Transplanting Trees To Speed Up Landscaping Design

Adding trees to a property can add comfort and visual appeal to your home, and mature trees can increase your property value up to 20 percent. But if you are planning a major landscaping renovation, you may not have decades to wait for stately trees to grow into place. Transplanting trees is more difficult than planting saplings, but it also allows you to take control of your landscaping and enjoy the results immediately. Following these four steps can help ensure that your transplanted trees are moved without incident and have long, productive lives. 

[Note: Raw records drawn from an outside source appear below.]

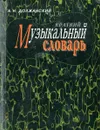 Краткий музыкальный словарь - А.Н. Должанский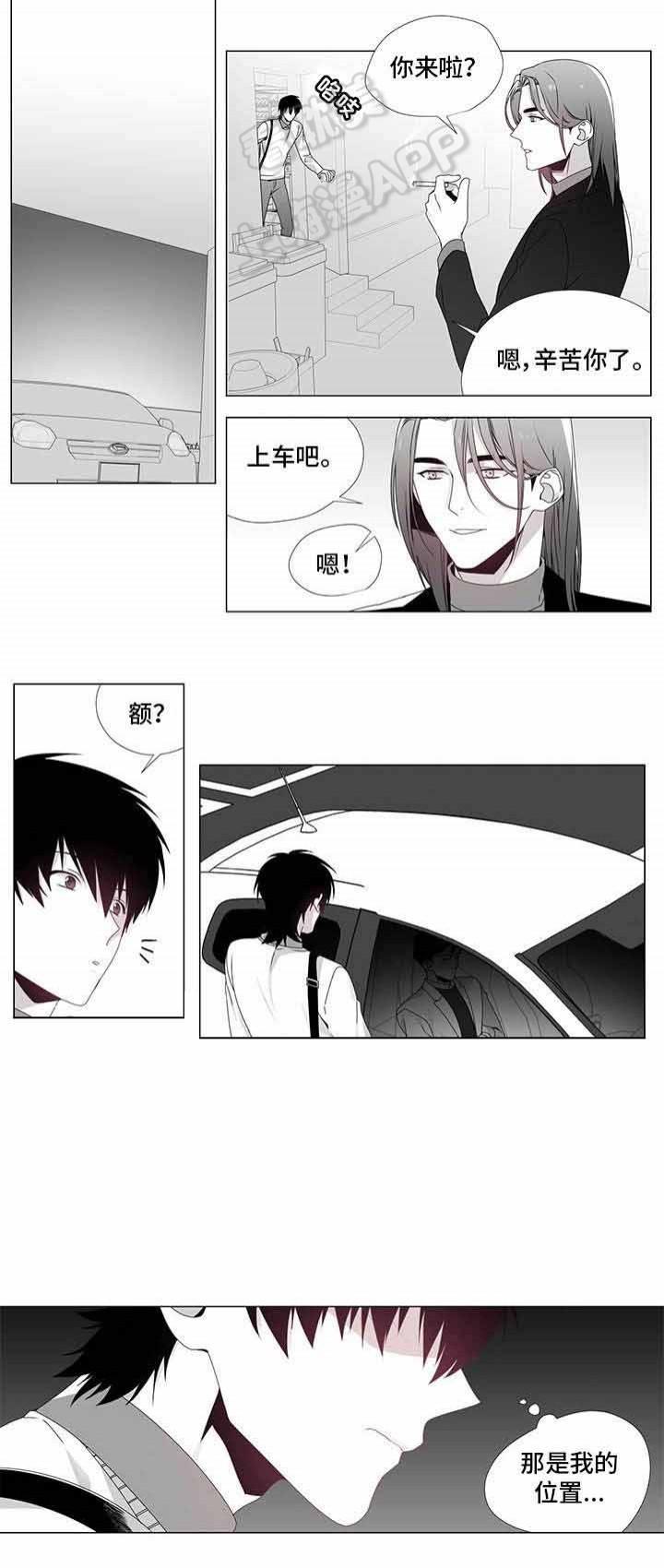 在地下城寻求邂逅是否搞错了什么漫画韩漫全集-第19话无删减无遮挡章节图片 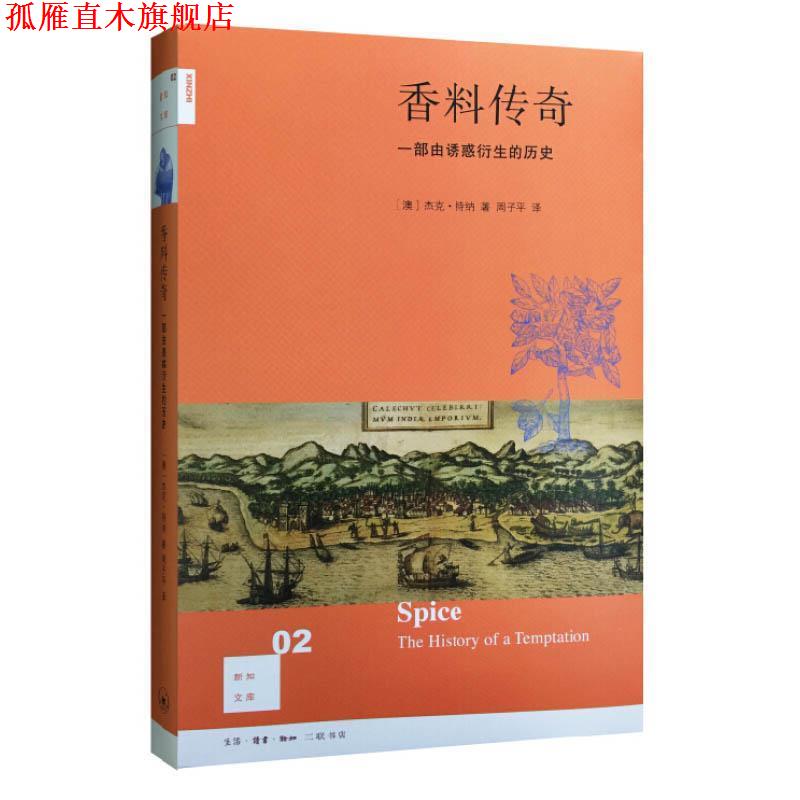 【正版书】 香料传奇 [澳]杰克·特纳,周子平 生活·读书·新知三联书店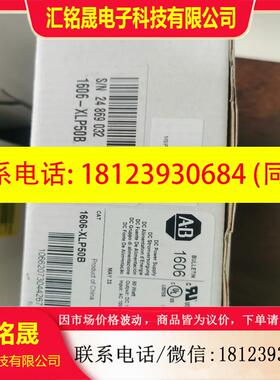议价:1606-XLP50B AB 罗克韦尔  1
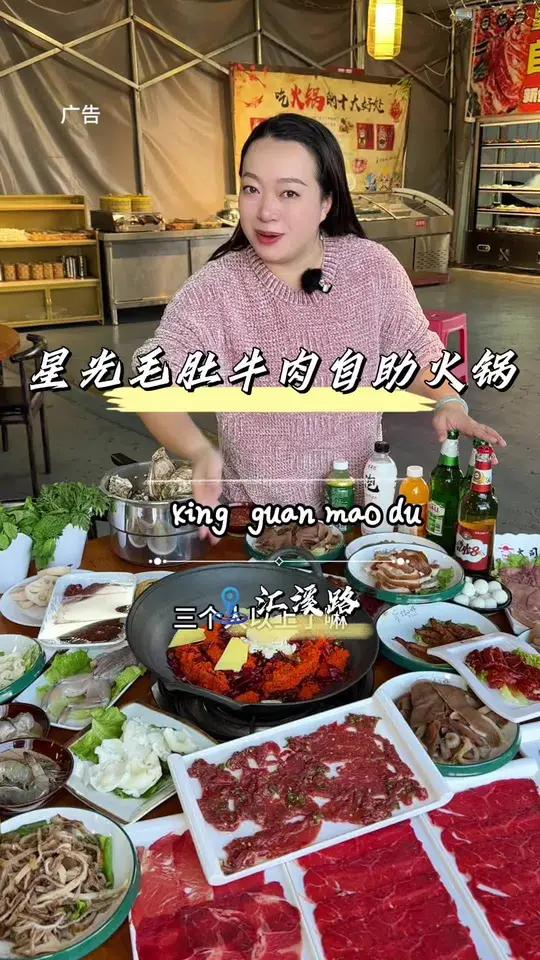 增加生蚝,还是巴掌大的 没有什么是一顿火锅解决不了 性价比高的牛肉火锅店推荐 冬天就适合吃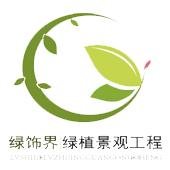 沈阳绿饰界景观工程第一店铺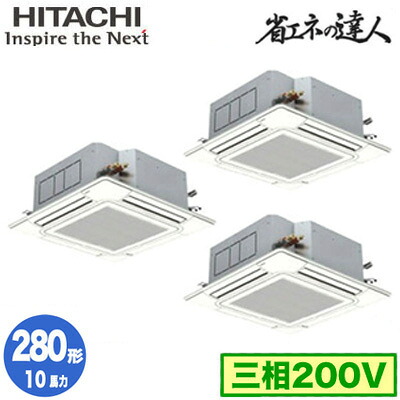 RCI-GP280RSHG6 (10馬力 三相200V ワイヤード)＜br /＞日立 業務用エアコン 省エネの達人(R32) てんかせ4方向 同時トリプル280形
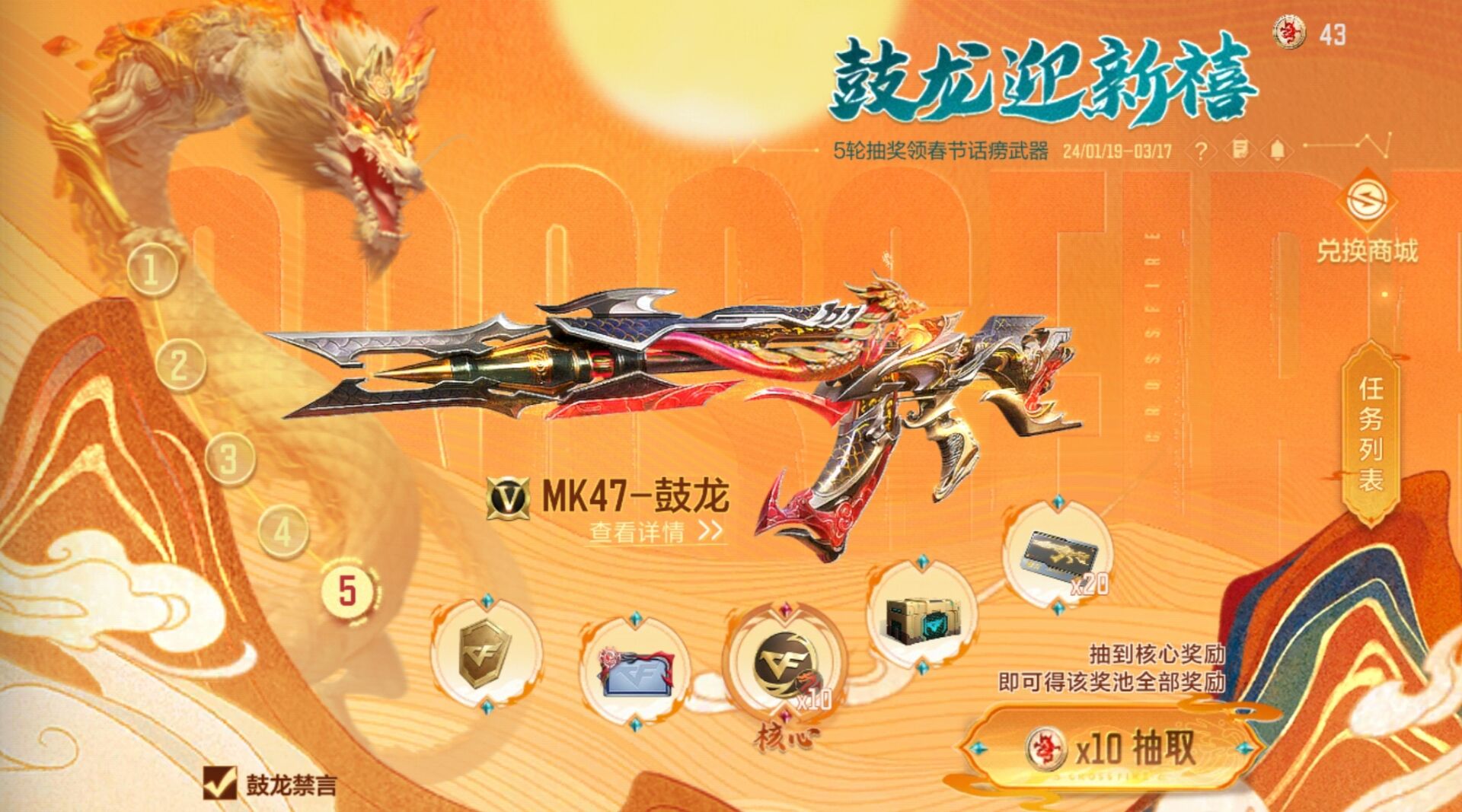 【活动攻略】海量鼓龙币登录即领，丰厚大奖不容错过！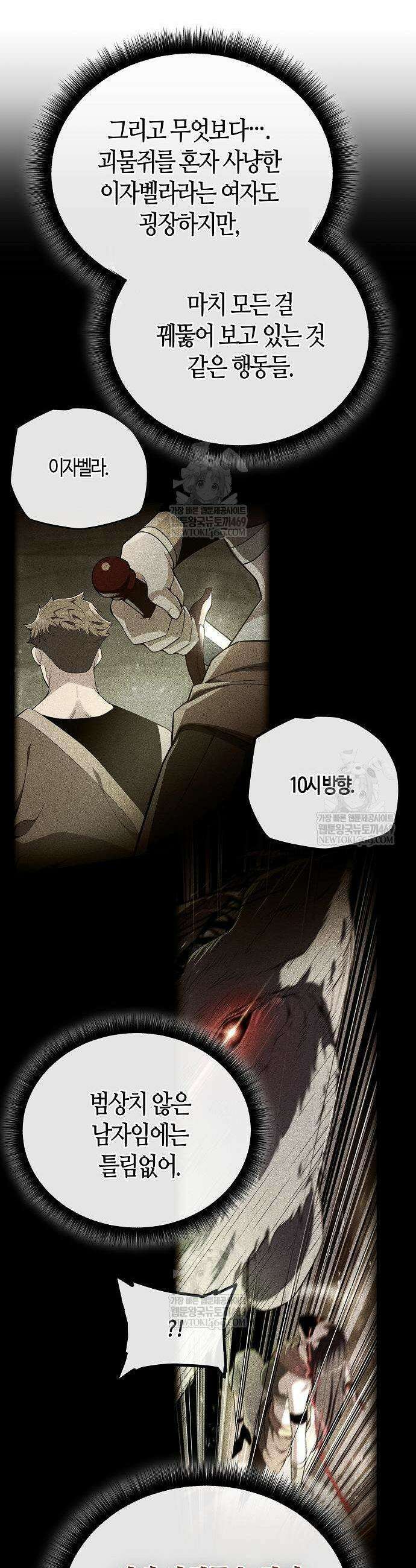 히든 특성 13개 들고 시작한다 12화 27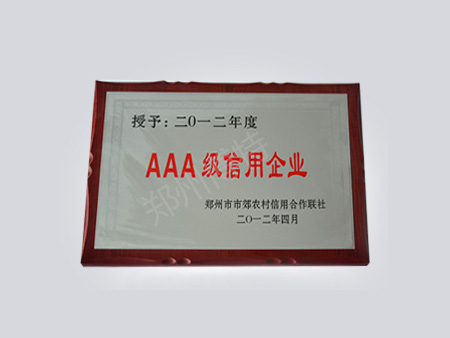 2013年度AAA級信用企業(yè)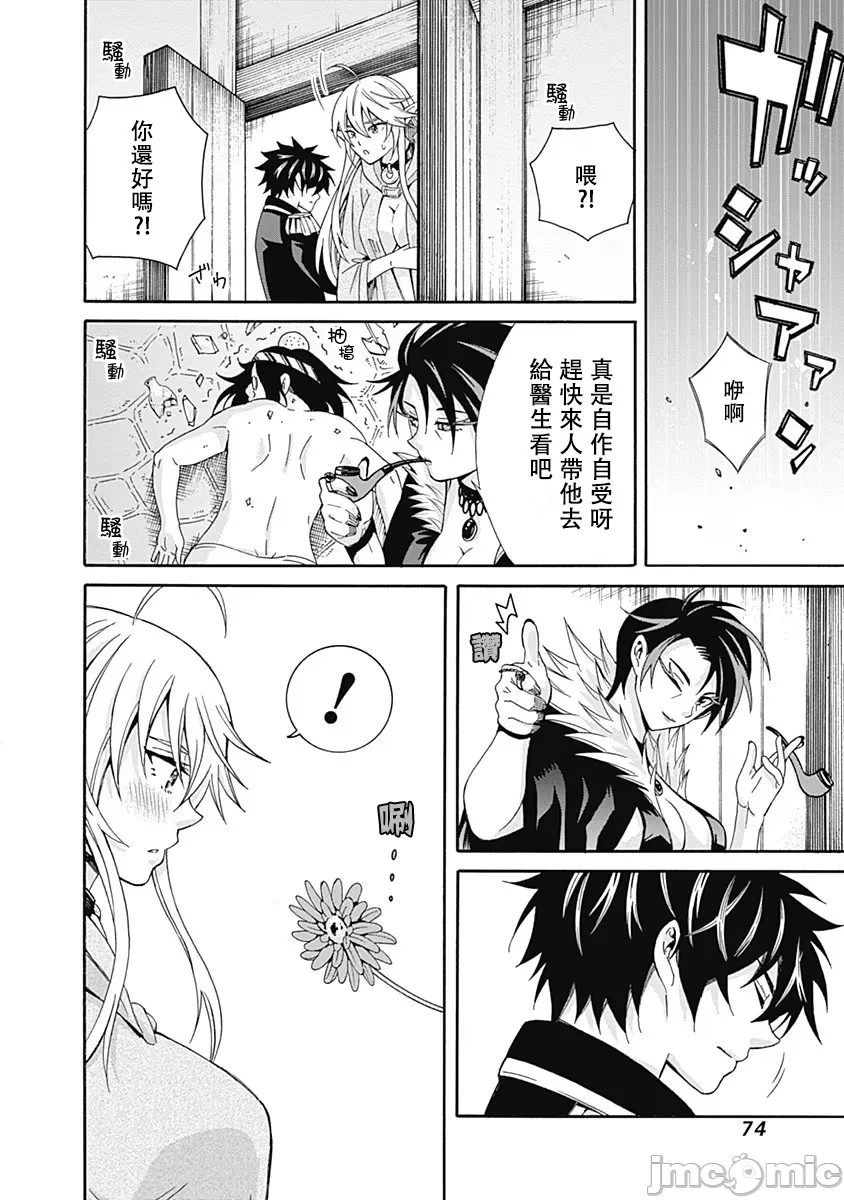 異世界非凡貴族/異世界最高の貴族、ハーレムを増やすほど強くなる page 76 - scanmark hentai manga - read online free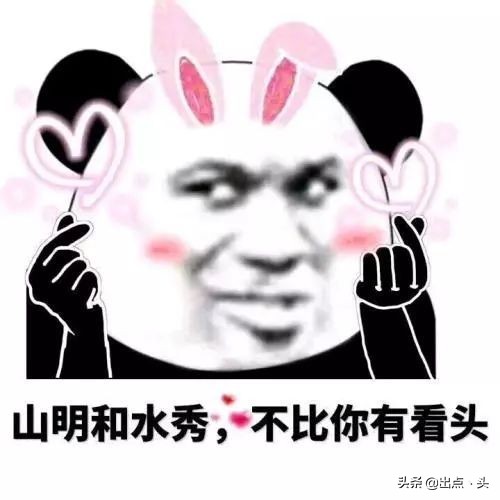 美国社交黑话指南:“TGIF”!美国人周五就爱说的一个词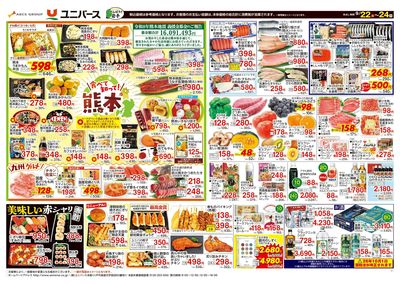 食べて知って!熊本
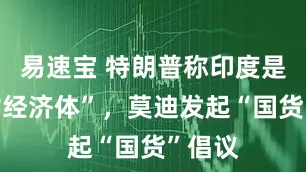 易速宝 特朗普称印度是“死亡经济体”，莫迪发起“国货”倡议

Working With Professionals

Uprooting and transporting trees is difficult and dangerous work, which is why it is so important to seek the services of professional tree movers, such as Caledon Treeland. Not only will you improve the chances of your trees surviving, but you will also avoid the risk and hassle of digging out, handling, and transporting a mature tree. Finding local tree movers with the right equipment and experience can mean all the difference between success and failure. 

Choosing Promising Trees

Not all trees are well suited to being transplanted. You will want to choose the most attractive, viable trees available to make the moving process less stressful. Any specimen that is visibly unhealthy should either be skipped or nursed back to health before being moved. Signs of an unhealthy tree include missing leaves, yellow leaves, pests, slime, mushrooms, and cankers. In this situation, it is always wise to listen to a professional landscaper or arborist's opinion before making your final decision. 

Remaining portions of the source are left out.